Le 8 septembre, la ville d’Uvira, chef lieu provisoire de la province du Sud-Kivu, a été secouée par une manifestation violente organisée par la société civile et les Wazalendo pour exiger le départ du général Olivier Gasita, commandant adjoint chargé des opérations et renseignements au sein de la 33e région militaire des Forces armées de la RDC (FARDC). Il lui est publiquement reproché d’être issu de la communauté banyamulenge. Ses détracteurs l’accusent aussi d’avoir été complice de la chute de Bukavu en février dernier. Malgré les assurances de l’état-major à Kinshasa sur la loyauté de cet officier, plusieurs sources confirment que ce dernier a finalement quitté la ville d’Uvira sous la pression, le 10 septembre. Quels enseignements tirer de cette opposition d’une partie de l’opinion à la présence d‘officiers issus de cette communauté au sein des FARDC ?

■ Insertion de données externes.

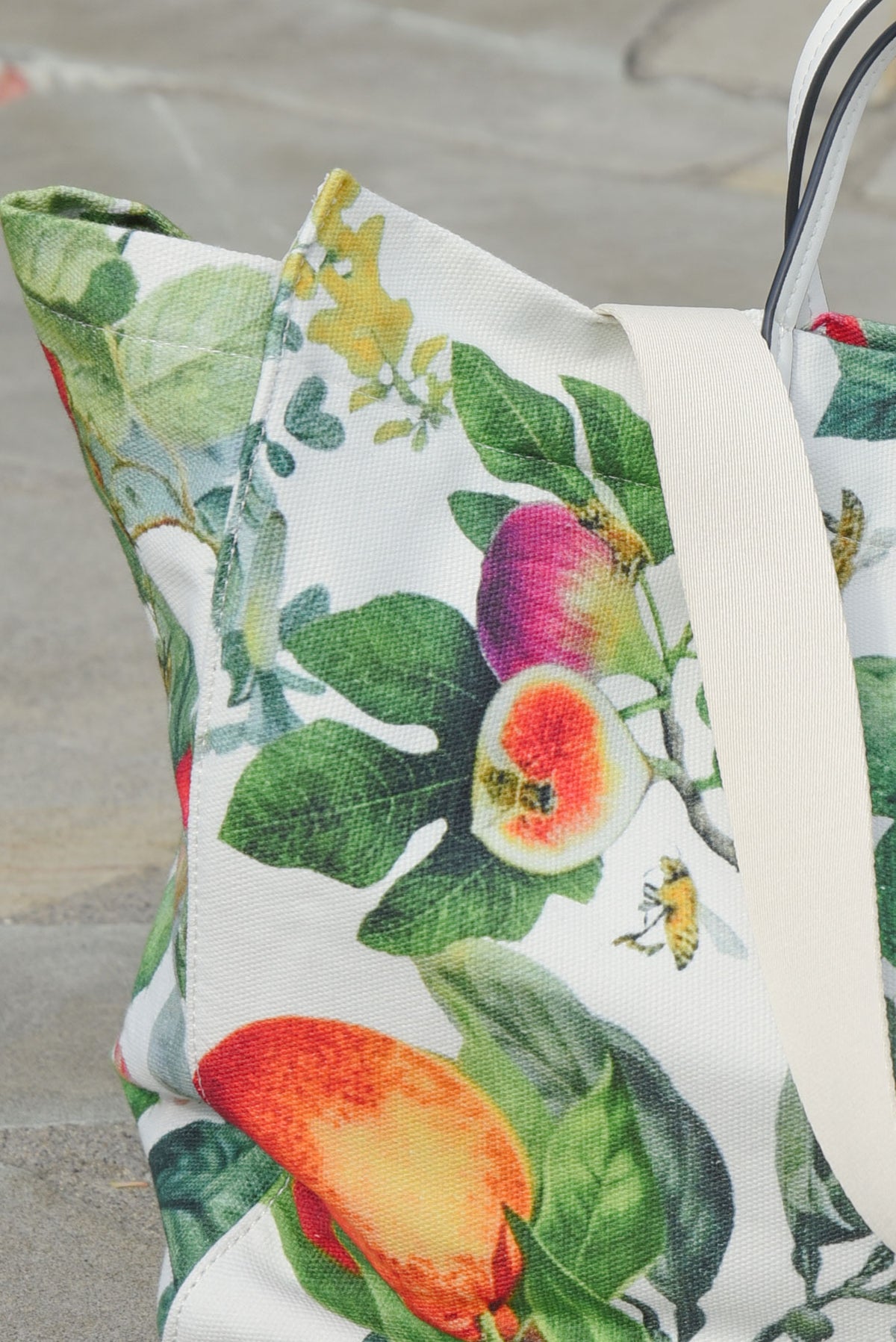 TOTE-ALLY MY VIBE Bag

Bonjour ! Je m’appelle Ange Makadi Ngoy. Je suis chercheuse à Ebuteli. Vous écoutez le 36e épisode de la saison 5 de Po Na Biso, capsule audio d’Ebuteli et du Groupe d’étude sur le Congo (GEC). Ce podcast analyse chaque semaine un sujet de l’actualité congolaise. Nous sommes le vendredi 12 septembre 2025.

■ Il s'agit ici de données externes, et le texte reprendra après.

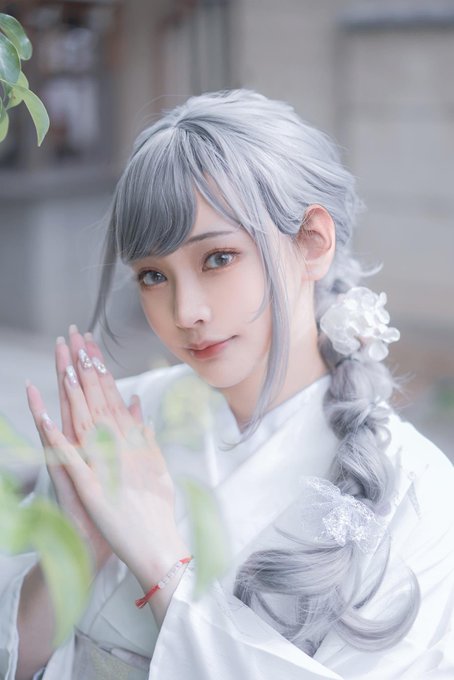 あけましておめでとうございます!
来年はもっといい作品をたくさん作っていきます❤️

« Après les enquêtes menées, on n'a rien trouvé sur lui. C'est pour cela qu'il est retourné à son poste », affirmait Sylvain Ekenge, porte-parole des FARDC, pour défendre l’officier récusé, le 6 septembre.

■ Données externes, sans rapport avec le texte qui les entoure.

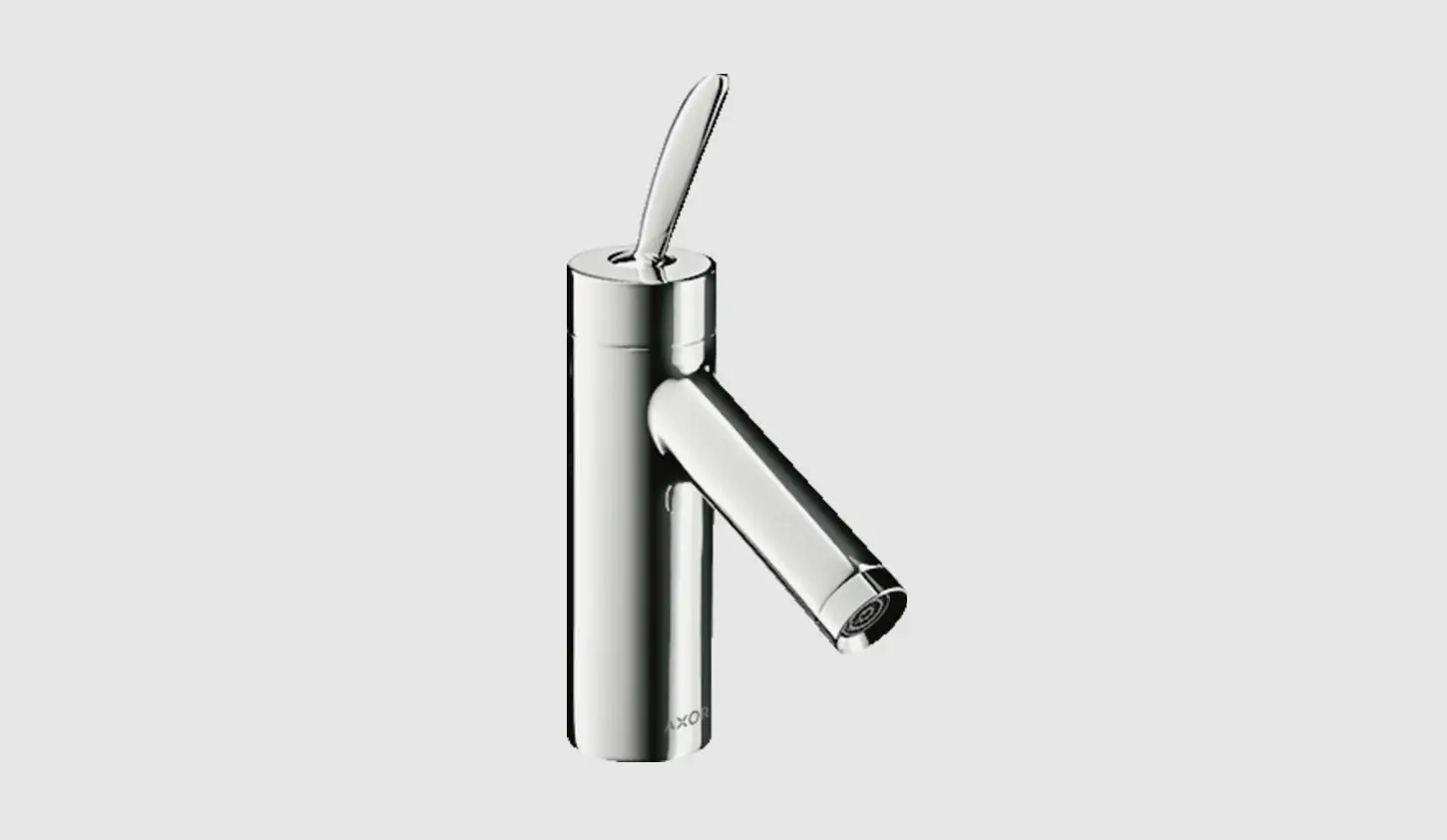 Hansgrohe Axor Starck Classic Lever Sink Instruction Manual Hansgrohe Axor Starck Classic Lever Sink Instruction Manual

Pourtant, l’intransigeance des Wazalendo et de la société civile locale à son encontre a fini par faire plier les autorités.
Cet épisode révèle la vulnérabilité d’un pouvoir qui, en confiant une partie de sa sécurité à des groupes armés dits patriotes, finit par subir leur pression. Comme le soulignait déjà un rapport d’Ebuteli et du GEC en mai dernier, cette stratégie de sous-traitance de la sécurité fragilise la souveraineté de l’État : les Wazalendo semblent désormais en mesure d’imposer leur veto à certaines décisions régaliennes. Cet incident s’ajoute d’ailleurs à une série d’accrochages réguliers rendant difficile la cohabitation entre les Wazalendo et les FARDC dans plusieurs régions et plus particulièrement à Uvira.
Ce rejet de Gasita est aussi la conséquence directe de l’ambivalence du gouvernement qui, tout en décourageant les discours de haine tribale, s’est parfois montré complaisant à l'égard de certains acteurs politiques vecteurs de la haine contre les Tutsi.
Tant que le gouvernement laisse prospérer la méfiance communautaire, certaines affectations deviendront des étincelles dans un champ déjà inflammable.
La nomination du général Masunzu, un autre Munyamulenge, à la tête de la troisième zone de défense juste après la chute de Goma avait déjà fait l’objet de divers commentaires discriminatoires, parfois réduits à des jugements sur son faciès sur les réseaux sociaux.
Et plus récemment, lesles Wazalendo ont perturbé à Uvira les funérailles du colonel Patrick Gisore ont perturbé à Uvira les funérailles du colonel Patrick Gisore, un autre Munyamulenge, décédé dans un crash près de Kisangani.
Certes, les défaites répétitives des FARDC interrogent sur les complicités avec l’ennemi. Il est donc légitime que des doutes soient émis contre certains officiers ayant participé aux opérations précédentes. Mais les accusations doivent se baser sur des faits et non sur des préjugés.
Dans une région où des tensions entre les Banyamulenge et les autres communautés perdurent, ce départ du général Gasita pourrait être instrumentalisé par Kigali comme une preuve de plus de la tutsiphobie qu’il a toujours épinglé comme l’une des « causes profondes » de la crise persistante dans l’est de la RDC.
Il est pourtant possible et nécessaire de s’opposer à l’agression dont le pays est victime sans verser dans la haine tribale. Cette situation souligne la nécessité d’envisager la réconciliation entre les communautés parmi les approches de résolution de cette crise. À commencer, peut-être, par cesser de soutenir des groupes armés incontrôlés.